I was given a lowered note for Not Citing The Usual Article and told that I should not dare Correct My Betters. When I pointed out that I’d been taught to check my sources, that the usual article was not the right one, and that I had copies of both documents handy if anybody wished to verify whi- I was interrupted and told that “there is no need to do such a thing as verify everything, young lady, next time just cite the appropriate cite”. I was also informed that notes on a round table are not a quotable source; when I asked why not, since they are a solid enough source that you cannot publish what you presented there as an independent paper, the information I received was that “hrfff!” and that if I didn’t stop questioning my betters I’d be failed for the presentation and need to do a second one.
When C&EN published an interview with Dr. Levinthal a couple of months later where they asked him “how does it feel to be the most-quoted chemist?” and he responded “it would feel better if people gave the right cite!” I could have hugged him flat. That was 20 years ago and there are still people citing the wrong paper.
So, no, I don’t really trust a publication to be correct because it happens to be prestigious.
I don’t think this would baffle an expert genealogist in the least. But that’s sort of a No True Scotsman thing. There is also genealogical software that makes such teasing out child’s play even for strabismic amateurs.

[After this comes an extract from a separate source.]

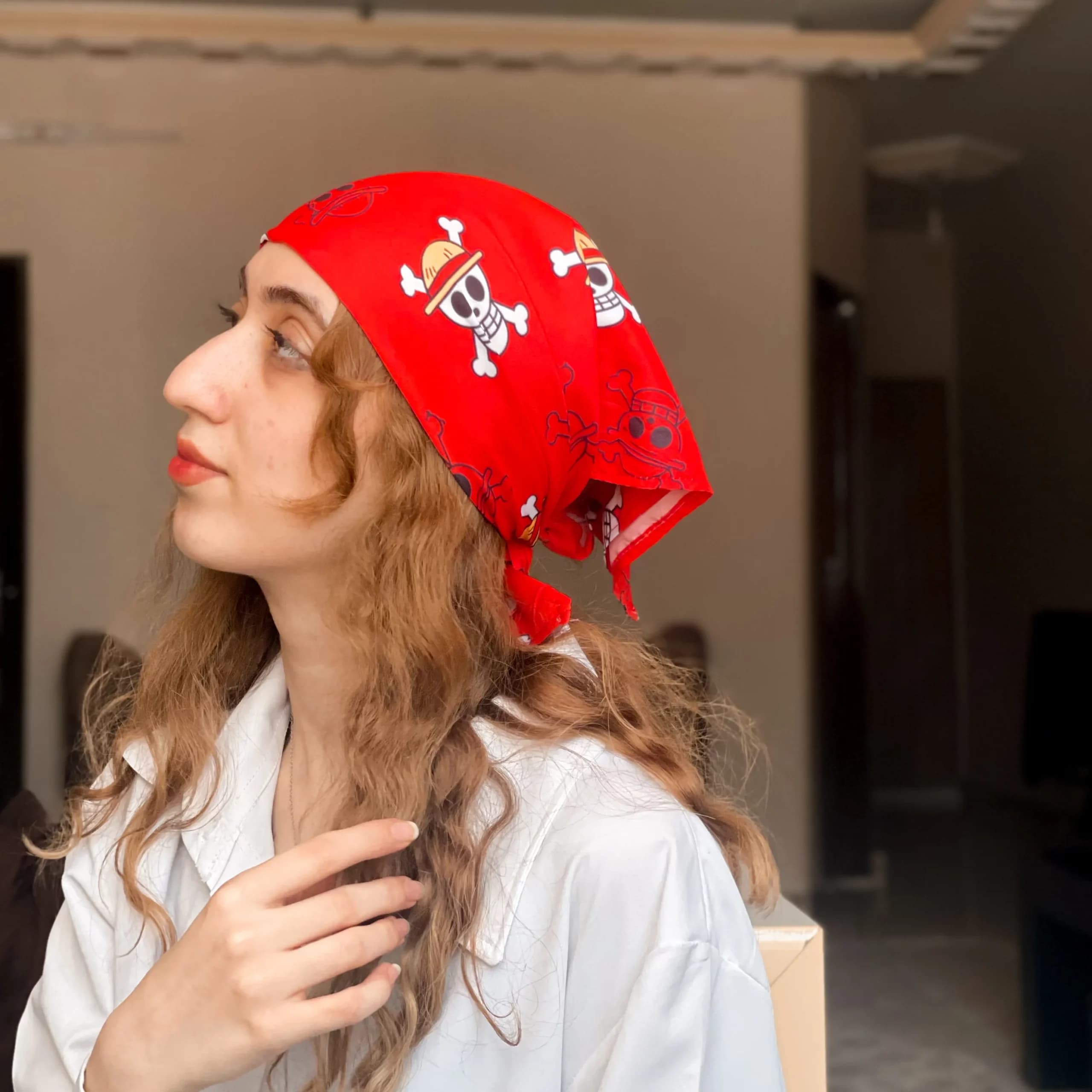 باندانا طرح دلخواه کتان نخ کد cre116 — تصویر ۲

I understand people might claim I’m being uptight, but this is a joke about children raping children.
This is a feature, not a bug. Over-thinking can be counter-productive, but the solution to this inefficiency is not to cease thinking.
In regards to inbred families not in Appalachia, Wikipedia claims significant occurrence of cousin marriage in some Middle East communities, partially attributed to a cultural emphasis on patrilineal descent.

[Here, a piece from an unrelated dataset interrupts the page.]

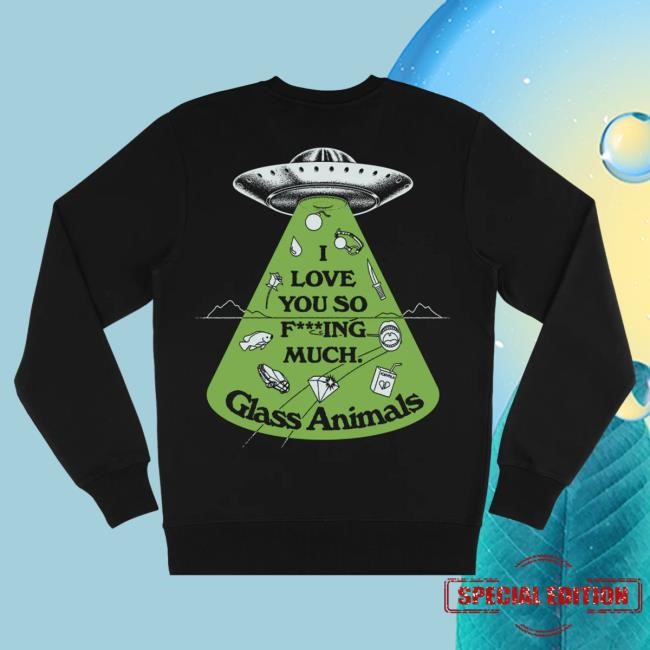 Official Glass Animals Merch Store Shop Glass Animals I Love You So F***ing Much Glow-In-The-Dark Hoody in black GlassAnimals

It’s stuff like this that lets the creationists and ID folks point at science and laugh. Comes the (scientific) revolution I hope those pompous bastards are the first against the wall. Correcting your betters (when they’re mistaken) is what it’s all about; otherwise we’d still be citing Aristotle.
To be fair, there are some situations where you really can’t take the time to think. Ideally, you anticipate and prepare for those situations ahead of time, so when they come up you’ve already done all the thinking you need to, but that’s not always possible, and so sometimes the best option available to you really is to act quickly and decisively and hope that you get it right.